### WHAT YOU WILL DO
Pull out every line in the data that has the string "Chevrolet" in it.

##### EXCERPTED RECORDS

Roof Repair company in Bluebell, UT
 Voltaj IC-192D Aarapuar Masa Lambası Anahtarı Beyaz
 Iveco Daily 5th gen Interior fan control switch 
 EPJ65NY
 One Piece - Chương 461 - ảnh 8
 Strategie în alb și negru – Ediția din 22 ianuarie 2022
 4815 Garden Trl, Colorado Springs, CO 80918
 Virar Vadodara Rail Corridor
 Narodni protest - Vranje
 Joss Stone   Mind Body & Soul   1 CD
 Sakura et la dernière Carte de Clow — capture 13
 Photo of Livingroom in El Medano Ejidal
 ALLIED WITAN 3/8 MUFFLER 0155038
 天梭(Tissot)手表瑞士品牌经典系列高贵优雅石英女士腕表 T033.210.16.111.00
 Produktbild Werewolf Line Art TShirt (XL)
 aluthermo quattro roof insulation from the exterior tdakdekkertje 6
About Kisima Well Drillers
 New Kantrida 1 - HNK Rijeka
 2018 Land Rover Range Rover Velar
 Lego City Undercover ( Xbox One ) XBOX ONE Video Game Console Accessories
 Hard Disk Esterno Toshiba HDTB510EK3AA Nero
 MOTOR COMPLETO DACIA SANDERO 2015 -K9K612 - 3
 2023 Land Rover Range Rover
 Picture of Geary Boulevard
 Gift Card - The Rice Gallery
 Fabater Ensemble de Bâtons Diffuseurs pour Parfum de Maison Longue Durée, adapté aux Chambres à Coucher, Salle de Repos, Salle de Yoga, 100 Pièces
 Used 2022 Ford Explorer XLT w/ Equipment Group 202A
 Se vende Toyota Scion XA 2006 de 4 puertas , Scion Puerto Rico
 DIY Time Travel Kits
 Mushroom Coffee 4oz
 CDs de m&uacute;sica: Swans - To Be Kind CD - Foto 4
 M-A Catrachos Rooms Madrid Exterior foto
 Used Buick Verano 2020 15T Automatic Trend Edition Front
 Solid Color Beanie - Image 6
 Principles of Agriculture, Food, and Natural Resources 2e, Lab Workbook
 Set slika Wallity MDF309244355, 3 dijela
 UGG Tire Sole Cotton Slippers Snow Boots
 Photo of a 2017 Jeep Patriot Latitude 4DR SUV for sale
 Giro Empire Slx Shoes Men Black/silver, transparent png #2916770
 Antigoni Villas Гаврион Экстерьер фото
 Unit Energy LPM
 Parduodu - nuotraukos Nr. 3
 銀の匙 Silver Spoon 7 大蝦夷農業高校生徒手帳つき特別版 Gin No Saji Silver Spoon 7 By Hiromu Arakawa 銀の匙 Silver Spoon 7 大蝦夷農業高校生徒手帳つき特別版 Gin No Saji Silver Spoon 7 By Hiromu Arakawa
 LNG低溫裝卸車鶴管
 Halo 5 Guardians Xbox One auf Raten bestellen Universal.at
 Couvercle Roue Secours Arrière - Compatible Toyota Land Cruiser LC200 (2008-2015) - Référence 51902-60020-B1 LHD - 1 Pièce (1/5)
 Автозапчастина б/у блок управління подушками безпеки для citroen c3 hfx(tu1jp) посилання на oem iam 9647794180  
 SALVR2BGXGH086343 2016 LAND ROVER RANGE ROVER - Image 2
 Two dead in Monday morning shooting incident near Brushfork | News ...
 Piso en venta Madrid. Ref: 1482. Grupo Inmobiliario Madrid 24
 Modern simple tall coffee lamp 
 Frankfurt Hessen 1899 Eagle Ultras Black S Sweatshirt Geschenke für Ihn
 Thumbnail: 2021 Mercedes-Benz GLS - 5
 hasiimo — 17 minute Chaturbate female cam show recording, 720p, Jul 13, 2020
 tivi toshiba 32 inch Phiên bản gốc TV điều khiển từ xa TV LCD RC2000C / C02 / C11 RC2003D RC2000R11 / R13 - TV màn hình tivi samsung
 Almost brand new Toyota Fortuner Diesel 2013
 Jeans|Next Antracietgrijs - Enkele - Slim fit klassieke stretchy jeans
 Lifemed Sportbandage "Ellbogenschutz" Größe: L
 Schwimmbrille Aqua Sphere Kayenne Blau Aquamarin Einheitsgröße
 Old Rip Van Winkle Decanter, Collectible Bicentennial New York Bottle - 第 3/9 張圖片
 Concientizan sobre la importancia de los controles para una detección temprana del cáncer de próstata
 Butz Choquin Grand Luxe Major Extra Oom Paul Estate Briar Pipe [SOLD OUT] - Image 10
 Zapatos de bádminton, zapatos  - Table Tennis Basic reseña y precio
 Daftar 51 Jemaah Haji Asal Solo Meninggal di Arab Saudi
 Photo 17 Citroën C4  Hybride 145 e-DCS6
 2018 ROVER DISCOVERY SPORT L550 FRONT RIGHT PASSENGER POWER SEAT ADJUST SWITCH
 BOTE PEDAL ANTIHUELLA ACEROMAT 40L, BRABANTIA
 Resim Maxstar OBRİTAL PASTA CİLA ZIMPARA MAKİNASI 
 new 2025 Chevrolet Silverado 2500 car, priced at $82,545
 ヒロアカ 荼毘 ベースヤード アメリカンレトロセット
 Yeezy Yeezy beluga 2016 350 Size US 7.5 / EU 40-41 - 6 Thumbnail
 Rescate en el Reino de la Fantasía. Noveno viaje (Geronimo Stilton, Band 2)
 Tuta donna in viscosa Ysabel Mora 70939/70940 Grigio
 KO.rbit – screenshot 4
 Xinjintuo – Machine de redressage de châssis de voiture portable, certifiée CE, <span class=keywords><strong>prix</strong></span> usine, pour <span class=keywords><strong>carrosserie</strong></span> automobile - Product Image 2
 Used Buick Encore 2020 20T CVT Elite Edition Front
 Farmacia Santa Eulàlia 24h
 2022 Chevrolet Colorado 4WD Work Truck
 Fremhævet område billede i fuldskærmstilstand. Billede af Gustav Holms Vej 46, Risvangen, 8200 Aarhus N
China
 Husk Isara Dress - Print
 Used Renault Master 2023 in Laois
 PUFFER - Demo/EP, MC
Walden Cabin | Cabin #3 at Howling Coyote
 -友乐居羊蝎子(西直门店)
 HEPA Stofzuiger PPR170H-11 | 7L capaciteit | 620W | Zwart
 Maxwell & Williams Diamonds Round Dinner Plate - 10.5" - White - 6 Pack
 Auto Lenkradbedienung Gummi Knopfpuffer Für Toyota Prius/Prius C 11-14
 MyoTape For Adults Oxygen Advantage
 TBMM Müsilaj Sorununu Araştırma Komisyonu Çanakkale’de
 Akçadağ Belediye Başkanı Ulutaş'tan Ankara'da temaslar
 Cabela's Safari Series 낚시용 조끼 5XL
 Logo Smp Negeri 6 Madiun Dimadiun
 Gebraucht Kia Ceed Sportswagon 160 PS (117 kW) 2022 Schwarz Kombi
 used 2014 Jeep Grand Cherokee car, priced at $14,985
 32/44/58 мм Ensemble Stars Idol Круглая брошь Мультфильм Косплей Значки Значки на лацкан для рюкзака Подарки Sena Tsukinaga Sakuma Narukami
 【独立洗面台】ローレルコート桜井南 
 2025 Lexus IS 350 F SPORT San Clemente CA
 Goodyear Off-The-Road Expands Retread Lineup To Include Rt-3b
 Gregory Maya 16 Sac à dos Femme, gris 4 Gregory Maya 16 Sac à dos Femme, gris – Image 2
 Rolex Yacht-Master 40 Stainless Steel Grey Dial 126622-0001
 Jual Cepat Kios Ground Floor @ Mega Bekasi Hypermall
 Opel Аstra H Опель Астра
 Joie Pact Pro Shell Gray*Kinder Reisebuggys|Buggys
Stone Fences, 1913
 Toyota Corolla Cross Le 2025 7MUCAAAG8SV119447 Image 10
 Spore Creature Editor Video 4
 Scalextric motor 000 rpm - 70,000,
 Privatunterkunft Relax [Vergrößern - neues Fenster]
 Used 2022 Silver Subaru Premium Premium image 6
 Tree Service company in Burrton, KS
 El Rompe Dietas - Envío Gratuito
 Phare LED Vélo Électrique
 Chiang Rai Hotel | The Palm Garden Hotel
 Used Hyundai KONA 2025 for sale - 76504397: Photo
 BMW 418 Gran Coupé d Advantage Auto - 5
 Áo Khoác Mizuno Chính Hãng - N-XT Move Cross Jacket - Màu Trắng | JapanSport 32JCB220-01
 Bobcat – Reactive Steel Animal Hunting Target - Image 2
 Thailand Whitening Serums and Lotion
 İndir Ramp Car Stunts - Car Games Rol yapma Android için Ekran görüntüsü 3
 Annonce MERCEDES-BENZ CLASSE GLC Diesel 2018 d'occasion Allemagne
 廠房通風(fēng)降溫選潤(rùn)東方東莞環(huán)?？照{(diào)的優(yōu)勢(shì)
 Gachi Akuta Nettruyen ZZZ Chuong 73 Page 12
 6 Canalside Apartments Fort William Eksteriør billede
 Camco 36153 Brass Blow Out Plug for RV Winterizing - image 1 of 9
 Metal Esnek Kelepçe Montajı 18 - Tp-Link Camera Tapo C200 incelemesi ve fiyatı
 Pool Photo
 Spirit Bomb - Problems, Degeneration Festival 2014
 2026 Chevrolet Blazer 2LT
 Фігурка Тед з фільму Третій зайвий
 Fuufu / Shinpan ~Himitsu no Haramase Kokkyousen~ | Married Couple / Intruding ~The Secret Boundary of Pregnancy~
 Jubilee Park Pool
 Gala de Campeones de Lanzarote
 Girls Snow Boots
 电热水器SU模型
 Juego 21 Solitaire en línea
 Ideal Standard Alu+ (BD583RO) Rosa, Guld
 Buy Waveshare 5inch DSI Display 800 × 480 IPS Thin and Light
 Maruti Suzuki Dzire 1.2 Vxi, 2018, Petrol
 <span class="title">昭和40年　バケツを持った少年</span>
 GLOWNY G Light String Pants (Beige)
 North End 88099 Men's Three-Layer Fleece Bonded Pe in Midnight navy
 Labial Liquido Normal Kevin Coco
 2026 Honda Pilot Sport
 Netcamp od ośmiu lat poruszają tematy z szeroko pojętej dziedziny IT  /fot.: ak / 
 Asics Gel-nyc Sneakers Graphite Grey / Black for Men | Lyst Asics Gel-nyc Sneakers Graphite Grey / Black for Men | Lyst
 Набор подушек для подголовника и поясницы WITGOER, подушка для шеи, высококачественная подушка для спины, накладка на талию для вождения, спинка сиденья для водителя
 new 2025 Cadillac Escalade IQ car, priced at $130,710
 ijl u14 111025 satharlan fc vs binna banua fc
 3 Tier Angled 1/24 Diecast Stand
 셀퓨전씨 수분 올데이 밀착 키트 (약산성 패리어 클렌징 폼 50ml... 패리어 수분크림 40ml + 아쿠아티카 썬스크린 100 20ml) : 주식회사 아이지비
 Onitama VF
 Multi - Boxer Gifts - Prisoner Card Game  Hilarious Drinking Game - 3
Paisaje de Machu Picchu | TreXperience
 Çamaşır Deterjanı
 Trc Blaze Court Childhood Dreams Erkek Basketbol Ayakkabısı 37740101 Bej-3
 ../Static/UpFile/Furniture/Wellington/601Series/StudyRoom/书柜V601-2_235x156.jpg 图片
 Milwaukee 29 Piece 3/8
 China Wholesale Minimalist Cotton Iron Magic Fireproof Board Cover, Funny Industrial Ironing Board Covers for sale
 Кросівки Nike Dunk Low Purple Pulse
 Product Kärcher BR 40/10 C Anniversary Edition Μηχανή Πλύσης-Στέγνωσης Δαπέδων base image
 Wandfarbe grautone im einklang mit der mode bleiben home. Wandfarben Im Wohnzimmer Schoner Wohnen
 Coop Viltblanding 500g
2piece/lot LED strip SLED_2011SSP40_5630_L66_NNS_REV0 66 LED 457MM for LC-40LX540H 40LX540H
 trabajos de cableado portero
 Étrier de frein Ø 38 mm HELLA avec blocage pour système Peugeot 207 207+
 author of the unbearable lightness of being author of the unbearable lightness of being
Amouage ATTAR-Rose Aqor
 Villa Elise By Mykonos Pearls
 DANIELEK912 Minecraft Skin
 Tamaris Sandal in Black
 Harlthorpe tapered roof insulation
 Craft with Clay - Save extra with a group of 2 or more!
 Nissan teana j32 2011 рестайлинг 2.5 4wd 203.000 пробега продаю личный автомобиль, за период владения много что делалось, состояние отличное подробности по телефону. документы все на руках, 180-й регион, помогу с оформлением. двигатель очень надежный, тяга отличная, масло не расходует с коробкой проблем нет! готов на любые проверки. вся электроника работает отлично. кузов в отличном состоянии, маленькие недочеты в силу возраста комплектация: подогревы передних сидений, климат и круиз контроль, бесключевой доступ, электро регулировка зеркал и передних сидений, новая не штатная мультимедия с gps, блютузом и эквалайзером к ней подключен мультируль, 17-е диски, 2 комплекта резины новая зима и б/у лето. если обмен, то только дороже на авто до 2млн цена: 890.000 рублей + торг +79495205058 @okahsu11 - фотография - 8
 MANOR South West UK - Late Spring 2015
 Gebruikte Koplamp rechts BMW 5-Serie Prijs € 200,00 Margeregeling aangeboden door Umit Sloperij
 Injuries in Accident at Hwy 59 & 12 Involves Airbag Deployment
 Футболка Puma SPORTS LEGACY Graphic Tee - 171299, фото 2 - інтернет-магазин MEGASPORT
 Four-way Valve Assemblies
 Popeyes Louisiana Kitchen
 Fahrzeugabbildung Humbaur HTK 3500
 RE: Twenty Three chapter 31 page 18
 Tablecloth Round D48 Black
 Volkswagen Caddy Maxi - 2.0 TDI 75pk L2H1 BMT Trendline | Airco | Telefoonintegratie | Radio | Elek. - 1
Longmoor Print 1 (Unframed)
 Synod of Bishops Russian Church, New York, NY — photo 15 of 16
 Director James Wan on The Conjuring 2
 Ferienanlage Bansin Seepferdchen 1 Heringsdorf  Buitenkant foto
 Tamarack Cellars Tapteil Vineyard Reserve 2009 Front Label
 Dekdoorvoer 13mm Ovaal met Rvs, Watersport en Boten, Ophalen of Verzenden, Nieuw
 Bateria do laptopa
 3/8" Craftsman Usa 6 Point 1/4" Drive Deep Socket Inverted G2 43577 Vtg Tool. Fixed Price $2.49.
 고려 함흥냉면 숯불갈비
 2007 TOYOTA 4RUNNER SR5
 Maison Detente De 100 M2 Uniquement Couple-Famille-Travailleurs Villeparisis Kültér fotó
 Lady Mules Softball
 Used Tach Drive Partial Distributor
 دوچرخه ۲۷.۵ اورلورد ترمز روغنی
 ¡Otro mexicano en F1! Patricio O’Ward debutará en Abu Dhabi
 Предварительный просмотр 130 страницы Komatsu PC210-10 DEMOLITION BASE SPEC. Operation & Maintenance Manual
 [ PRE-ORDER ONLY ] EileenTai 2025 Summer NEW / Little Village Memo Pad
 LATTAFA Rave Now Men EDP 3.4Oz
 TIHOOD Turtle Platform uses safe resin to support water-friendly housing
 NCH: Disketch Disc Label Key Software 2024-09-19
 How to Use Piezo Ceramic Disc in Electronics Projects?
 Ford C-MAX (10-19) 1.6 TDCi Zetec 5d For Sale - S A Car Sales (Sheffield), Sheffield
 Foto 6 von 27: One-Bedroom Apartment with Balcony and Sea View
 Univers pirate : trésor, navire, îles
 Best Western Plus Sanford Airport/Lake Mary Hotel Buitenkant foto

##########

### EXERCISE ANSWER
 new 2025 Chevrolet Silverado 2500 car, priced at $82,545
 2022 Chevrolet Colorado 4WD Work Truck
 2026 Chevrolet Blazer 2LT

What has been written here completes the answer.